_Exercise instructions_
Would you output all the lines below precisely as they stand, leaving each picture out?

_Given information_
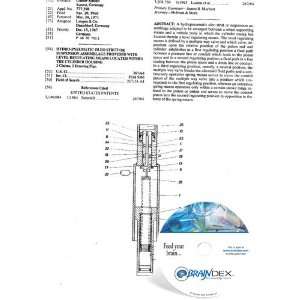  NEW Patent CD for HYDRO PNEUMATIC OLEO STRUT OR SUSPENSION 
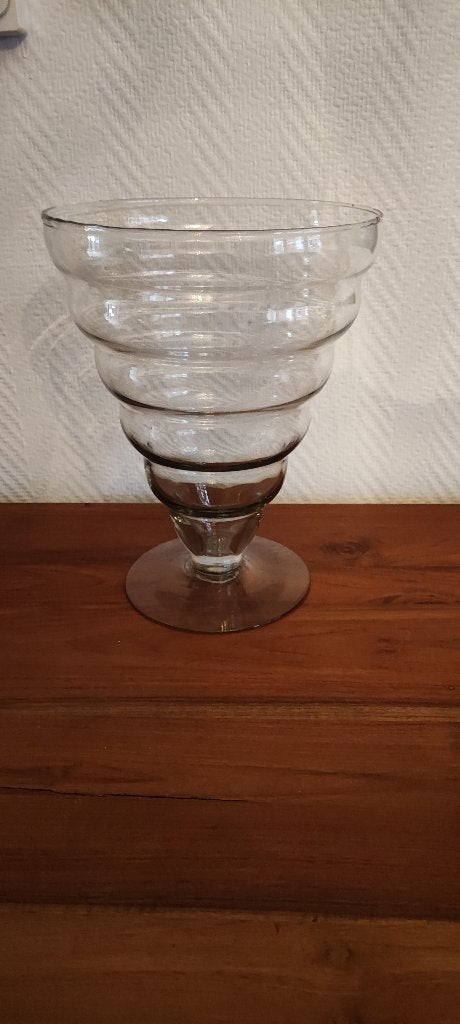 Grote Glazen Vaas, bandenvaas, Antiek en Kunst, Ophalen of Verzenden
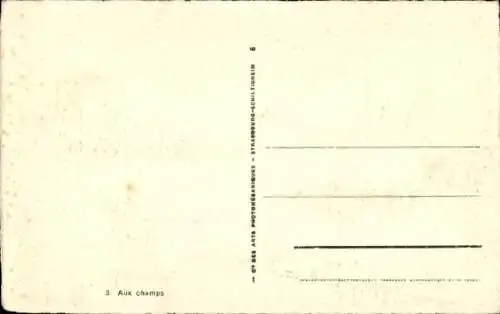 Künstler Ak Huygen, Französische Volkstracht, Bauer, Rinder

_Output of the exercise_
  NEW Patent CD for HYDRO PNEUMATIC OLEO STRUT OR SUSPENSION 
 Grote Glazen Vaas, bandenvaas, Antiek en Kunst, Ophalen of Verzenden
 Künstler Ak Huygen, Französische Volkstracht, Bauer, Rinder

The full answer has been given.